BEGIN INFORMATION SUPPLIED

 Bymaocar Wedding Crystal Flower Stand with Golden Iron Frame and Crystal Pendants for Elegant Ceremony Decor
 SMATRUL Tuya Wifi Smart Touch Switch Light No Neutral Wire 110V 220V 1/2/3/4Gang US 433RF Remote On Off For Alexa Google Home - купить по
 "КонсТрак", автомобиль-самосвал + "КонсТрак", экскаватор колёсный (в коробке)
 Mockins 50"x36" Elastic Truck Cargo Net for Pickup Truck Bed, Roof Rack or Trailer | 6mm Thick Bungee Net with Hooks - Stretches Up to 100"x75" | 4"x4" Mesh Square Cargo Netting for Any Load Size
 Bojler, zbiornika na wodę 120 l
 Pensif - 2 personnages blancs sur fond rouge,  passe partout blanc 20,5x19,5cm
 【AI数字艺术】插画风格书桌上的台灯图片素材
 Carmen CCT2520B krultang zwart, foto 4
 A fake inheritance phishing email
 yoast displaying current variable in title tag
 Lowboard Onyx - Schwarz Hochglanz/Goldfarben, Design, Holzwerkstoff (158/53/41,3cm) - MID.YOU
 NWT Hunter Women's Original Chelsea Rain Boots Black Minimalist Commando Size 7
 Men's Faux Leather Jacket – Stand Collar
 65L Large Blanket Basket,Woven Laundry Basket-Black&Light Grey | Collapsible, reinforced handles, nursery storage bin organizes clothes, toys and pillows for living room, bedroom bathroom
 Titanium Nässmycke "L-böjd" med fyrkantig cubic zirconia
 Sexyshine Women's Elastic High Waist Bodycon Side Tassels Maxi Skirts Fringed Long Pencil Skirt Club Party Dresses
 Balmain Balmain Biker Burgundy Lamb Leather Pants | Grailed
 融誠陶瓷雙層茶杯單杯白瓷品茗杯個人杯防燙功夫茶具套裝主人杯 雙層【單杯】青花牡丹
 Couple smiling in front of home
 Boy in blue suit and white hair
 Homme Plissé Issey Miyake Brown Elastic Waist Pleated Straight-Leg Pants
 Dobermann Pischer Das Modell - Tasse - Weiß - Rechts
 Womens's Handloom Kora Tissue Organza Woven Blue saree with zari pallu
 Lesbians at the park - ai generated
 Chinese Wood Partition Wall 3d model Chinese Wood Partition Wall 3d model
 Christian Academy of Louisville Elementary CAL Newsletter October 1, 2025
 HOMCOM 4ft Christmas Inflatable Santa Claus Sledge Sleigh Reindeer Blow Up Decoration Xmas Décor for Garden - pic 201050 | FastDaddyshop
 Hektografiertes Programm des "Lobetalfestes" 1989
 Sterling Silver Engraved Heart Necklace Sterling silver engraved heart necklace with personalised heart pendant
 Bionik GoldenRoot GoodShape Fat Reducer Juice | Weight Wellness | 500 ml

END INFORMATION SUPPLIED

**WORK INSTRUCTIONS:**
Repeat each line of the data above, exactly as it appears, from the first through the line that contains "融誠陶瓷雙層茶杯單杯白瓷品茗".

**SOLUTION FOR THIS PROBLEM:**
 Bymaocar Wedding Crystal Flower Stand with Golden Iron Frame and Crystal Pendants for Elegant Ceremony Decor
 SMATRUL Tuya Wifi Smart Touch Switch Light No Neutral Wire 110V 220V 1/2/3/4Gang US 433RF Remote On Off For Alexa Google Home - купить по
 "КонсТрак", автомобиль-самосвал + "КонсТрак", экскаватор колёсный (в коробке)
 Mockins 50"x36" Elastic Truck Cargo Net for Pickup Truck Bed, Roof Rack or Trailer | 6mm Thick Bungee Net with Hooks - Stretches Up to 100"x75" | 4"x4" Mesh Square Cargo Netting for Any Load Size
 Bojler, zbiornika na wodę 120 l
 Pensif - 2 personnages blancs sur fond rouge,  passe partout blanc 20,5x19,5cm
 【AI数字艺术】插画风格书桌上的台灯图片素材
 Carmen CCT2520B krultang zwart, foto 4
 A fake inheritance phishing email
 yoast displaying current variable in title tag
 Lowboard Onyx - Schwarz Hochglanz/Goldfarben, Design, Holzwerkstoff (158/53/41,3cm) - MID.YOU
 NWT Hunter Women's Original Chelsea Rain Boots Black Minimalist Commando Size 7
 Men's Faux Leather Jacket – Stand Collar
 65L Large Blanket Basket,Woven Laundry Basket-Black&Light Grey | Collapsible, reinforced handles, nursery storage bin organizes clothes, toys and pillows for living room, bedroom bathroom
 Titanium Nässmycke "L-böjd" med fyrkantig cubic zirconia
 Sexyshine Women's Elastic High Waist Bodycon Side Tassels Maxi Skirts Fringed Long Pencil Skirt Club Party Dresses
 Balmain Balmain Biker Burgundy Lamb Leather Pants | Grailed
 融誠陶瓷雙層茶杯單杯白瓷品茗杯個人杯防燙功夫茶具套裝主人杯 雙層【單杯】青花牡丹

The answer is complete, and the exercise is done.